Mingo did finish strong, recording four tackles and a sack in Week 15 (with 12 special teams snaps), then seven tackles and a sack in Week 16 (with 11 special teams snaps). Overall, he seemed to take to special teams and turned into a regular on Indy’s defense, for better or worse. In Seattle’s defense, who knows where he’ll eventually end up,

but this is him:

6’4, 241 lbs, 4.58 40-yard dash, 37” vertical, 6.84 3-cone drill

and this is Chris Clemons:

6’3, 236 lbs, 4.68 40-yard dash, 35” vertical

and this is Bruce Irvin:

6’3, 245 lbs, 4.50 40-yard dash, 33.5” vertical, 6.70 3-cone drill

and this is Cliff Avril:

6’3, 252 lbs, 6.9 3-cone drill

He’s not Frank Clark (271 lbs), but he is comparable to Clemons and Irvin, and a Leo position doesn’t seem out of the question.
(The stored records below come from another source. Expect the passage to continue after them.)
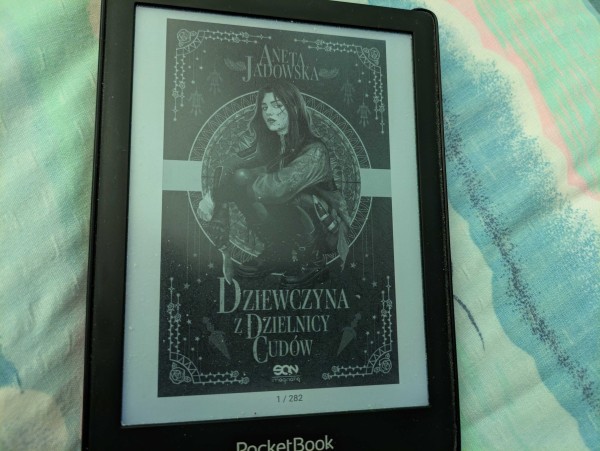 Okładka e-booka "Dziewczyna z Dzielnicy Cudów" Anety Jadowskiej. E-book ma 282 strony.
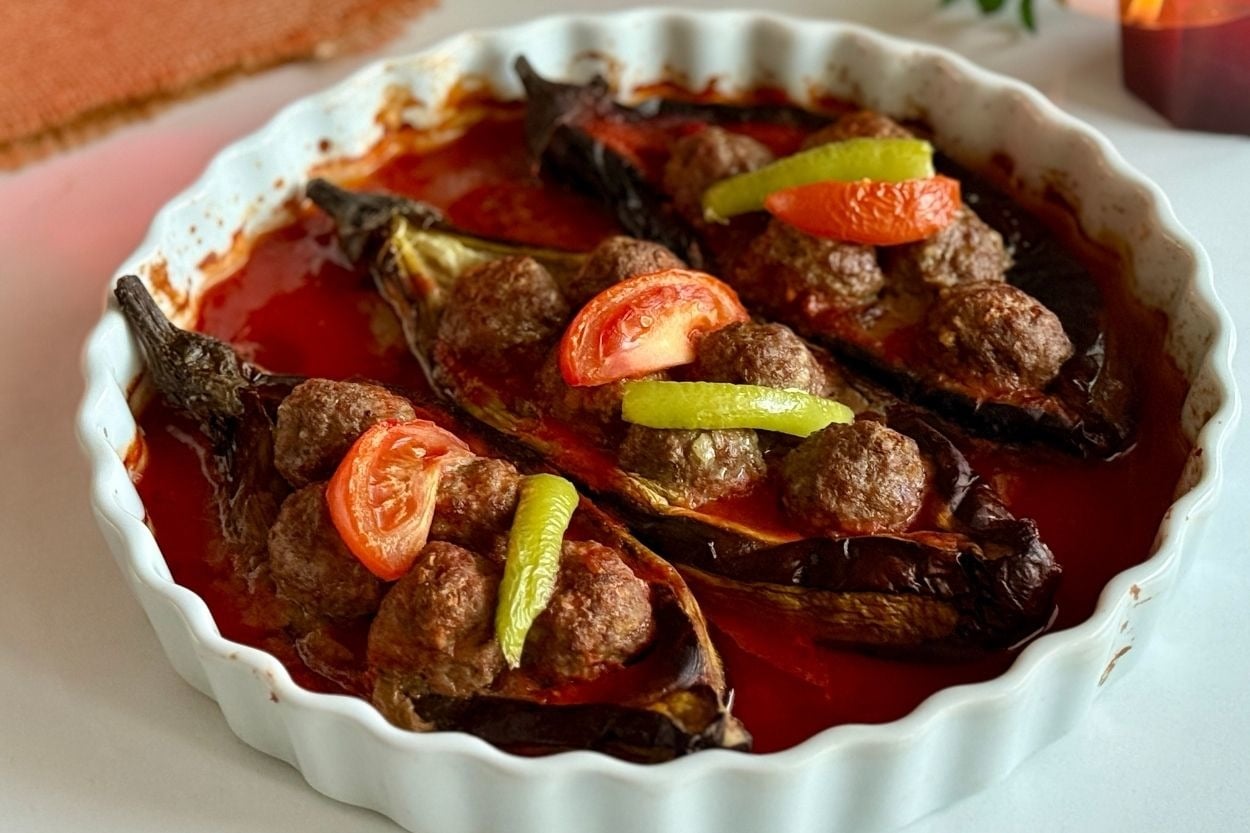 Daha Doyurucu: Köfteli Karnıyarık
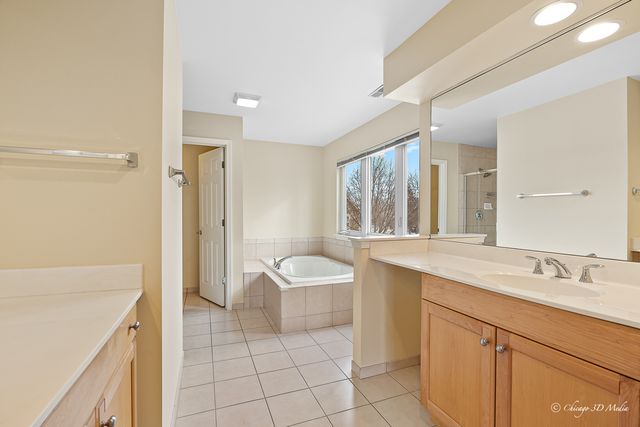 2640 CHELSEY Street, Buffalo Grove, IL 60089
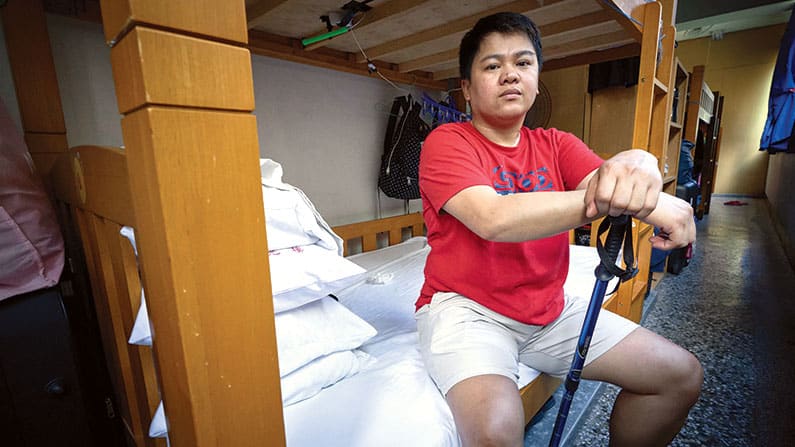 Melody Caling, una trabajadora migrante que tuvo un accidente laboral en 2021 y fue despedida, vive en el refugio Ugnayan mientras lucha para recibir su debida compensación. (Paul Jeffrey/Taiwan)
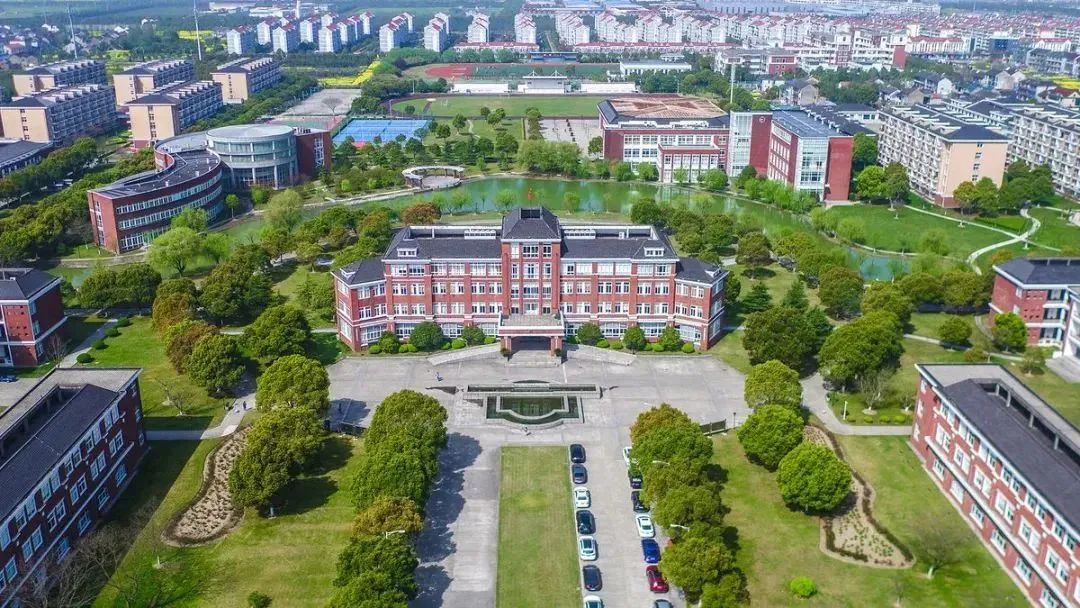 上海松江区双威公学新加坡方向及日本高中课程招生简章！
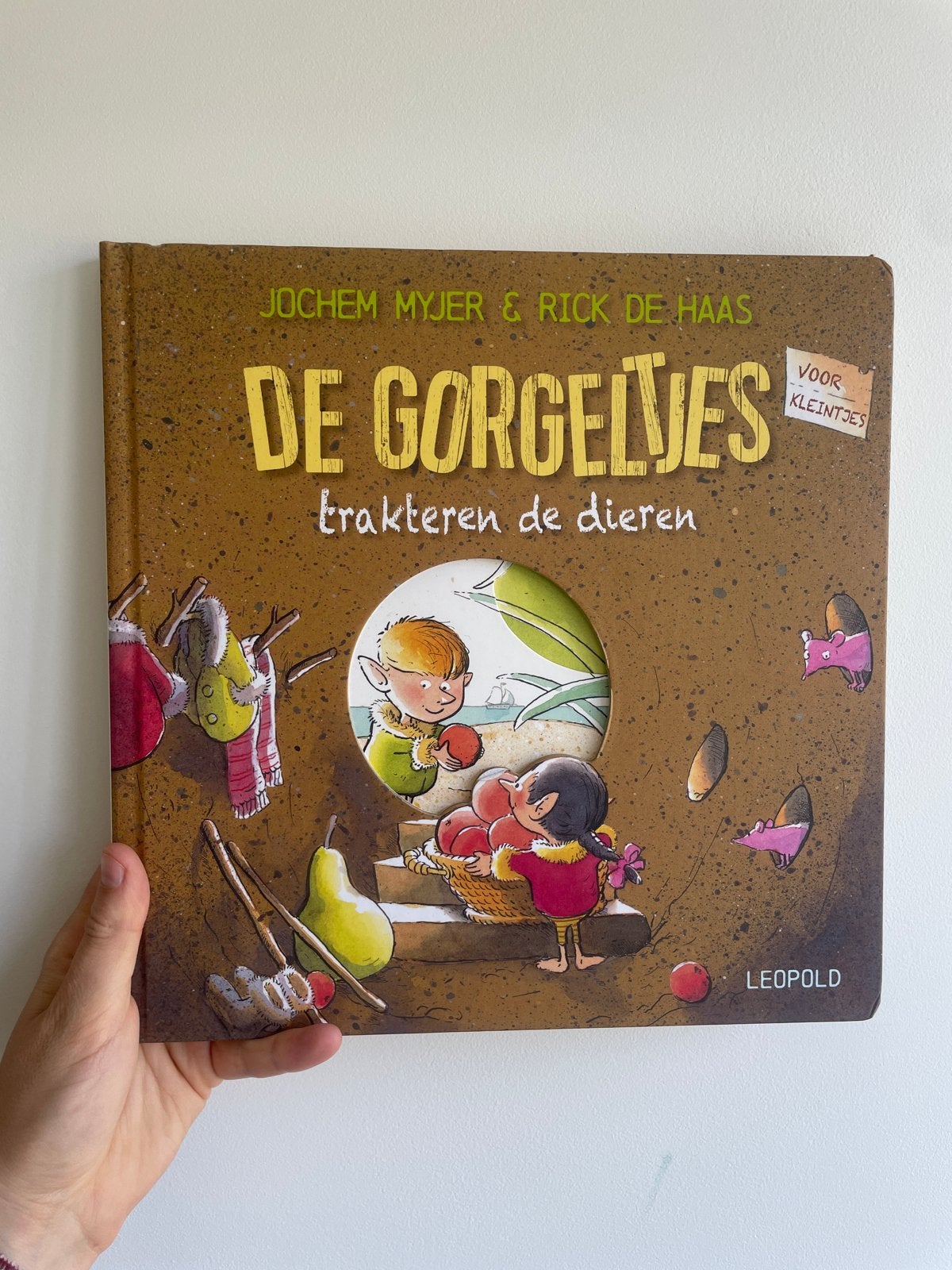 De Gorgeltjes trakteren de dieren - Jochem Myjer, Ophalen of Verzenden, Zo goed als nieuw, Uitklap-, Voel- of Ontdekboek, 2 tot 3 jaar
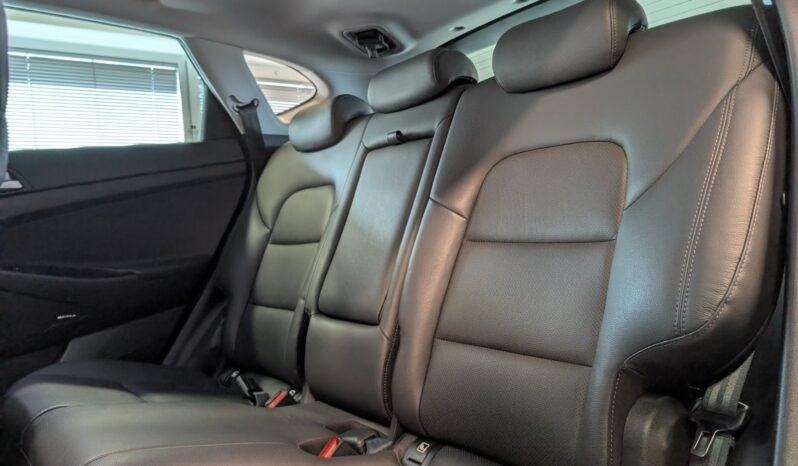 
Hyundai Tucson Premium 1.6 CRDi 136 ch full									
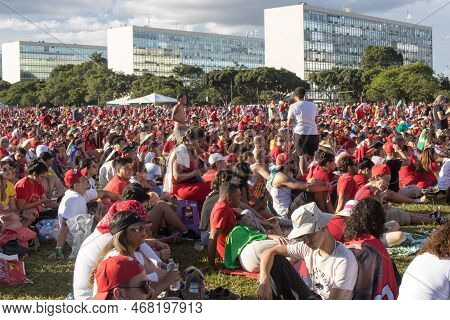 Brasilia, Df, Brazil Jan 1 2023 Lula Supporters Gathering In Front Of The National Congress Showing 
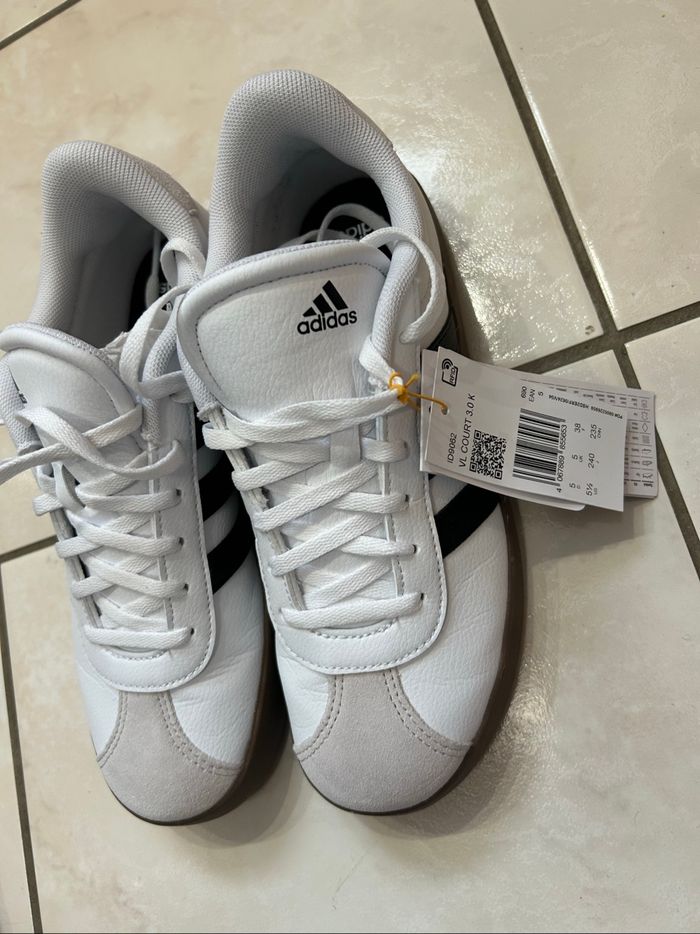 Basket femme neuve - photo numéro 4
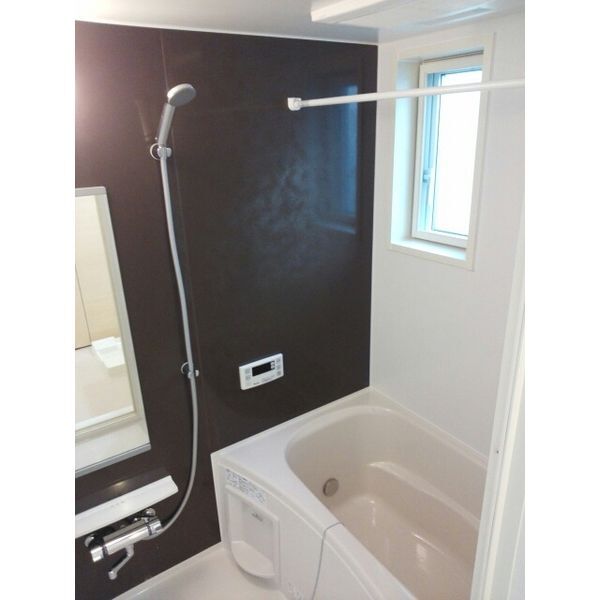 拡大写真:アンジュ アルモニーⅡ 1階102の風呂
In fact he was asked about that prior to the 2013 draft:

Q: Could you play the Leo end spot that the Seahawks and Jaguars use?

A: “I think I can. It’s pretty much playing defensive end in college, the same position. They’re closely related and not really any different.”

So perhaps in their minds he has the potential to be the next Clemons (who was 29 when he broke out in Seattle’s defensive system as a Leo, compared to Mingo, who turns 28 in October) and that it’s not too late for them to turnaround the former sixth overall pick’s fortunes ... and that if they do so, they won’t have to worry about losing Mingo in 2019 or having to pay him an $8-$10 million salary because he’s suddenly a former top-10 pick, who is under 30, and now has a good year under his belt.

It may sound farfetched today, but this is the same person who was compared to DeMarcus Ware coming out of college, and we all just witnessed Donte Moncrief pull in a salary worth up to $9.6 million for next season. Was Moncrief more valuable to the Colts last season than Mingo was?

Then again, of course Mingo might not do well enough to make it to year two at all. Seattle also once made the mistake of giving J’Marcus Webb a two-year, $5.75 million contract, and he didn’t even get to the end of the first season. Perhaps his closest NFL draft comp in the last five years, at least as far as measurables go, is former undrafted free agent signing Jackson Jeffcoat:

6’3, 247 lbs, 4.63 40-yard dash, 36” vertical, 6.97 3-cone drill.

Physically, the two are practically a one-to-one. They also both have 33+” arms and 9 5/8” hands. But Jeffcoat didn’t even get drafted, and teams did not have that same desire to keep giving him second chances, as they do Mingo. Jeffcoat didn’t make the Seahawks, and most recently he’s played in the CFL.

So that’s also a possible outcome: That physically speaking, you need more than measurables. Does Mingo have that? I don’t know.

But I think the two-year deal implies that the Seahawks think he does.